Routing/secondary ip address
One way as you suggested is to add a secondary IP address to a router interface.  Adding the secondary IP address creates a "route" between the two subnets.  Each network would still have a 24-bit subnet mask (255.255.255.0) and each subnet would have its default gateway as the router.  e.g 192.168.0.1 for the 192.168.0.0/24 network and 192.168.1.1 for the 192.168.1.0/24 network.  The second way to do this is to use a 23 bit mask to create a larger subnet where no routing will occur between hosts.

One big subnet:
If you want to add more than 254 ip addresses without routing, using the 23-bit mask as you suggested will work.  From the Solarwinds subnet calculator:

Subnet            Mask            Subnet Size                    Host Range                          Broadcast
192.168.0.0  255.255.254.0      510      192.168.0.1  to  192.168.1.254      192.168.1.255

I would set the gateway to the first address as a general practice - 192.168.0.1.  Assuming that you are using DHCP to dynamically assign IP addresses, set up your DHCP scope for the entire IP range above and exclude maybe the first 50 addresses for statically assigned devices like printers and network equipment.  So your DHCP assigned addresses would start at 192.168.0.50 and end at 192.168.1.254.  Each host gets an ip address plus a subnet mask of 255.255.254.0, a default gateway/router of 192.168.0.1 and also DNS addresses.
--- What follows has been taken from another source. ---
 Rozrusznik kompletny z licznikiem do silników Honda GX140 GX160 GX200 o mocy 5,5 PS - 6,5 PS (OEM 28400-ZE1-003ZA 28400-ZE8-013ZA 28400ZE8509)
Whataver device is your gateway needs to be configured your to have a static inside address of 192.168.0.1 - assuming that this will be your gateway address.  Configure your outside to static or dynamic depending on what kind of service you have from your ISP.  If you have a static IP address for the ISP interface, you will need to add a static/default route to your ISP's router (next hop).  I think Watchguard has a startup wizard to help you with this.

If you have a Windows server in your network, I would recommend using this for DNS and DHCP particularly if it is W2K or W2K3.

Are you talking about a Cisco router + Watchguard or just using the Watchguard?  What model?  If you are going with the routing, you need to have the performance to handle the load.  Also, if you opt for the larger subnet, it is possible that you may have excessive broadcasts.

How many hosts are on your network?  What protocols will be loaded?

Hope this gets you started.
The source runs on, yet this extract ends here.